Action item =>
Take the data that follows and return it exactly.

Data shown =>
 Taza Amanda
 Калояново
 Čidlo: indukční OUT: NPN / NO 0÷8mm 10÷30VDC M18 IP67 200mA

Answer space =>
 Taza Amanda
 Калояново
 Čidlo: indukční OUT: NPN / NO 0÷8mm 10÷30VDC M18 IP67 200mA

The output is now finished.